At the upcoming AIIM social business virtual conference
, I am delivering two sessions on developing a social media policy for Facebook and Twitter. I am also writing several modules in that vein for an upcoming course. But as I started to put mouse to PowerPoint I started to think a bit about governance in the age of social business. And then I came to the Enterprise 2.0 conference in Boston. I had dinner with a bunch of really smart people and we started talking about governance, and one guy said, "Social media governance should be 80% social and 20% governance."
Hrm. After all, the traditional approach to writing policies is to draft very lengthy, very specific tomes filled with page after page of proscriptions. Then the thing has to be vetted across the entire organization to ensure that it's legally and operationally defensible, with the result that it can take months or longer to get a policy from initiation to approval and rollout. At the same time, those policies are often lengthy and difficult to understand, and attempt to regulate every possible aspect of the thing.

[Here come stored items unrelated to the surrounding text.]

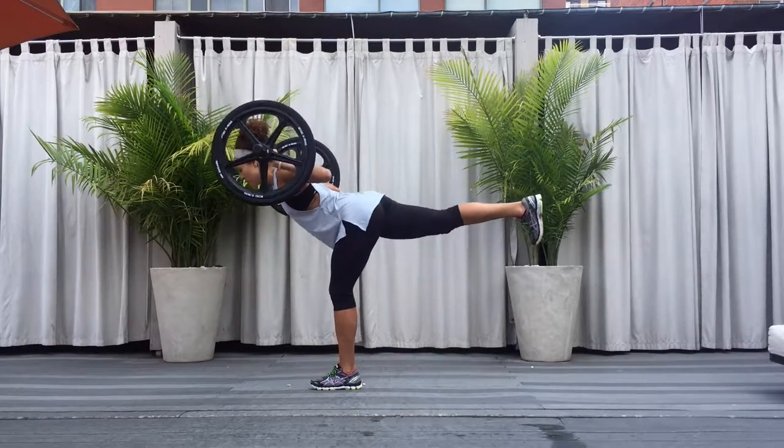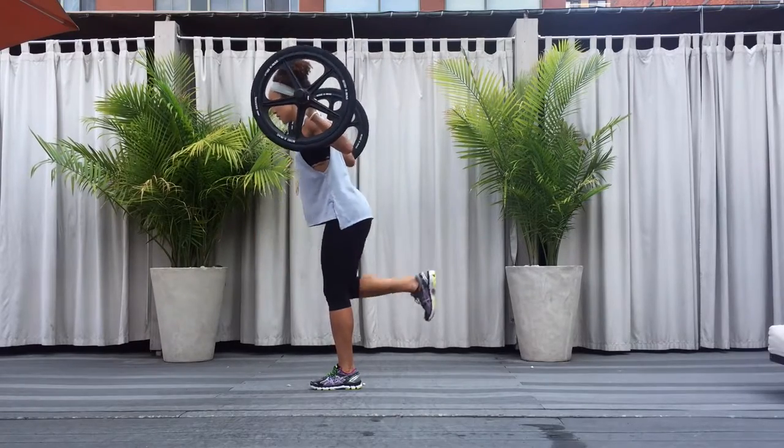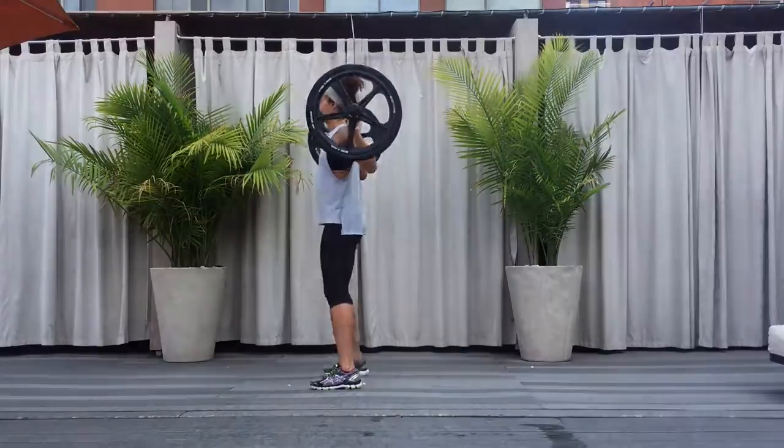Cues are: down, two, three, up, two, three. Encourage athletes to keep shoulders down, backs flat, hips square, back toe pointed towards the ground.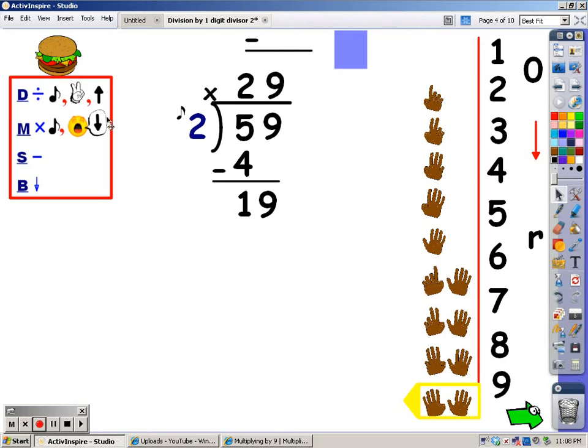That's the number I write at the top. After I divide, I multiply — that's where I say my 2s for 9 fingers, and whatever I say is what I write at the bottom. 2, 4, 6, 8, 10, 12, 14, 16, and 18. I said 18, so that's the number I write at the bottom. Then I subtract: 19 minus 18 is 1. After I subtract, I bring down. Is there anything to bring down? If not, then 1 is the remainder. My answer is 29 with a remainder of 1.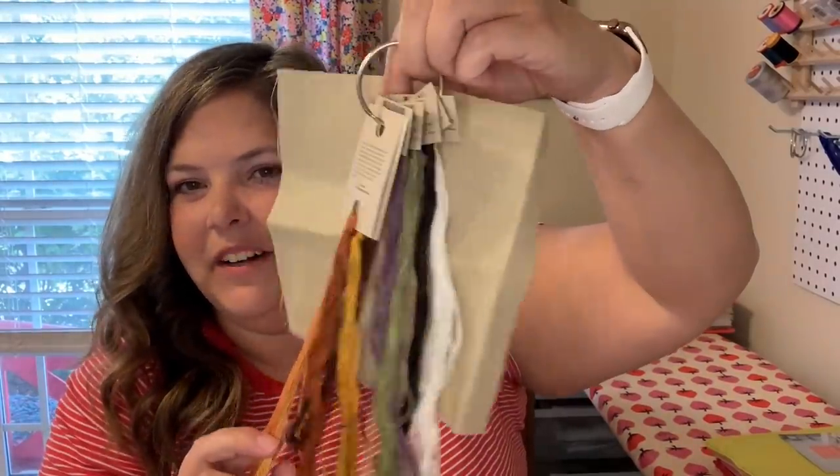I'm going to use hashtag Fall Frenzy. I looked it up on Instagram and it's currently filled with fishing pictures, but I'm going to take it over with cross stitch! If anyone has fall stitching they want to get done by September or October, please join me. I'm going to start posting some starts on Instagram today.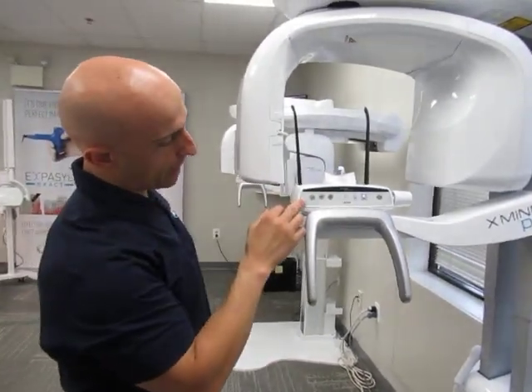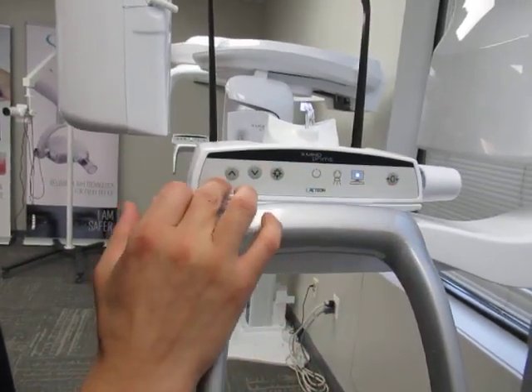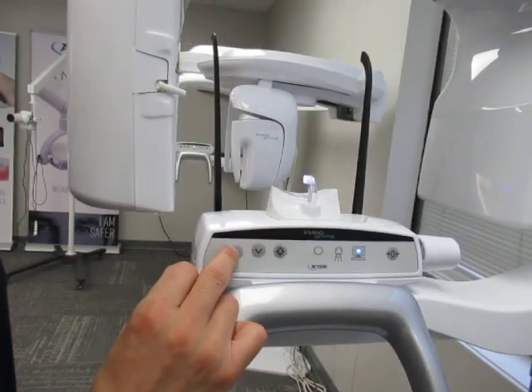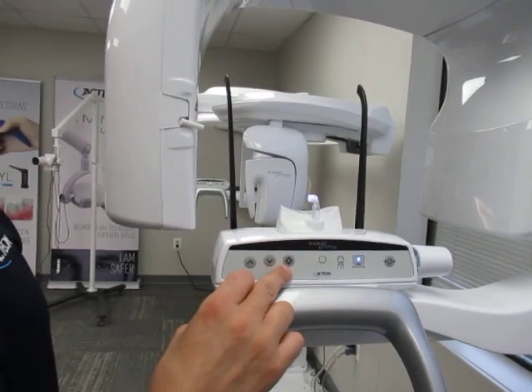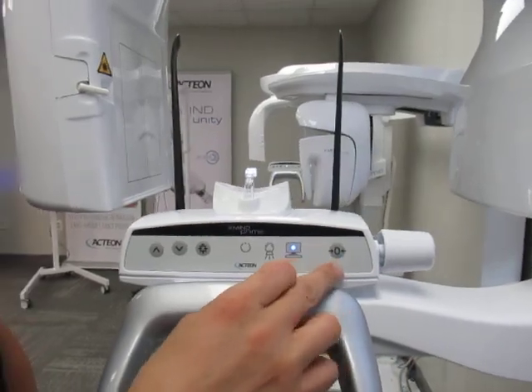Right here you have your control panel — it's very basic. There are four buttons, up and down, to adjust the height of what we call the column, according to the patient's height. Next to that there's a laser button, which looks like a light bulb. On the far right is your reset button, where the zero is.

That's far too long generally; it's even more difficult to support today, when social business tools might be created, used, and fade away in the course of the same period. Yet there's still a need for effective guidance, particularly for organizations in highly regulated sectors like pharmaceutical or financial services.
The best policies will not prevent users from saying or doing the wrong things - only instilling a sense of organizational culture will do that. The policy should be a reminder rather than a checklist. Best Buy has an excellent example of this on its website - its 1-page policy
can be further reduced to the headline, "Be smart. Be respectful. Be human."
This policy is not filled with acceptable usage policies, examples of what not to do, etc. Yet Best Buy, a Fortune 50 company with more than 180,000 employees, seems to be doing OK with it. So maybe it's time to rethink the specifics of your policy and instead provide a simpler policy with some guidelines to back it up. Each tool has its own nuances in terms of functionality as well as how it is used by a particular organization, but the Best Buy example is pretty applicable across the board.
At the sessions I describe above, I will be taking a hybrid approach - attendees will see examples of a number of social media policies across a variety of sectors. In each session we'll look at some of the unique issues the tools provide and how to address them in the policy, but I think the conversation last night was correct - if you can do 80% social media and 20% governance, you'll have enough control to keep the organization out of trouble while not being so restrictive that nobody wants to use the tools.